§ **Stored data**
━━━━━━━━━━━━━━━━

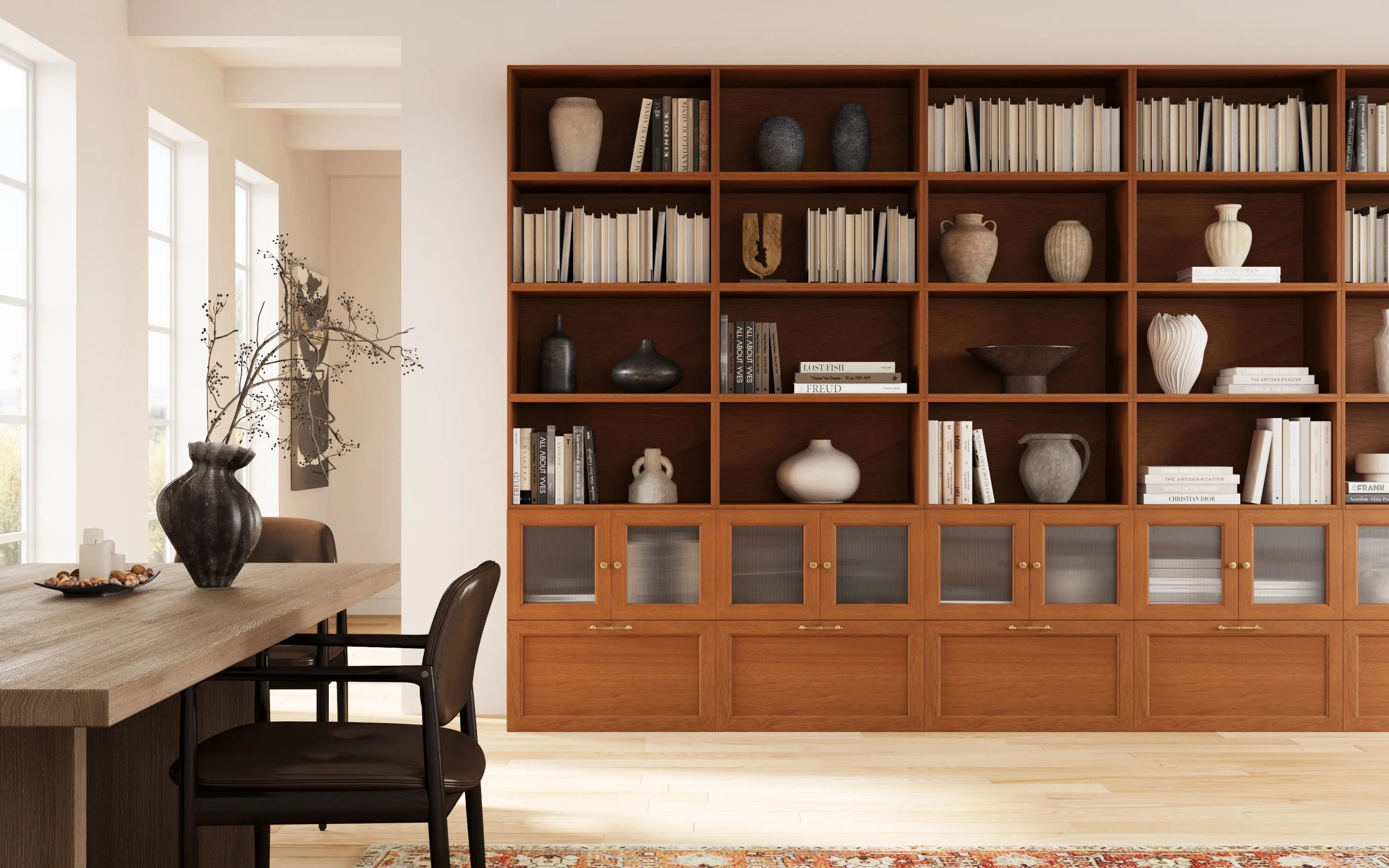 A wall of walnut-colored modular cabinets creates a large bookcase against the wall.
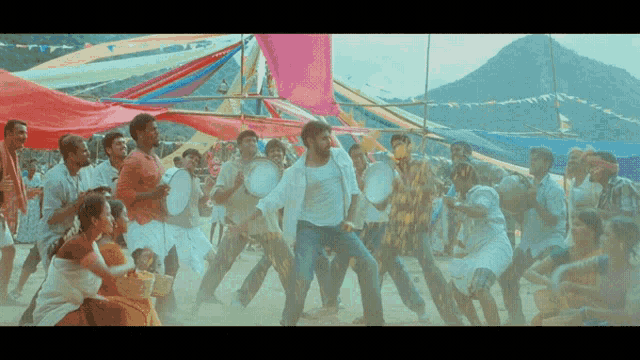 a group of people are dancing and holding drums in front of a mountain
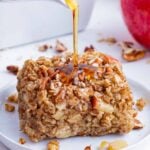 Maple syrup is poured over a serving of baked apple oatmeal.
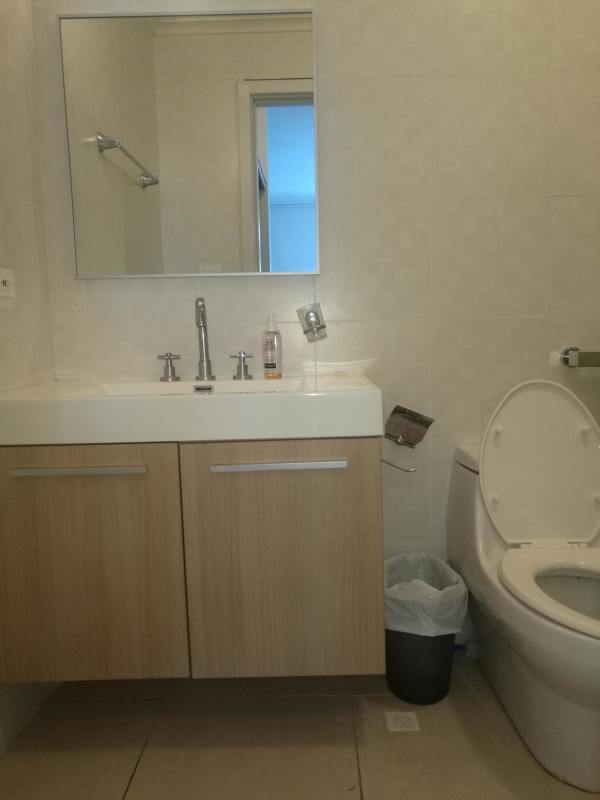 Bright living room with access to seaview balcony and city skyline Panama City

━━━━━━━━━━━━━━━━

§ **Task to complete**
Reproduce exactly the lines from the beginning of the material down to the line containing "Maple syrup is", both ends included, but not the pictures or anything after.

§ **Response to this exercise**
 A wall of walnut-colored modular cabinets creates a large bookcase against the wall.
 a group of people are dancing and holding drums in front of a mountain
 Maple syrup is poured over a serving of baked apple oatmeal.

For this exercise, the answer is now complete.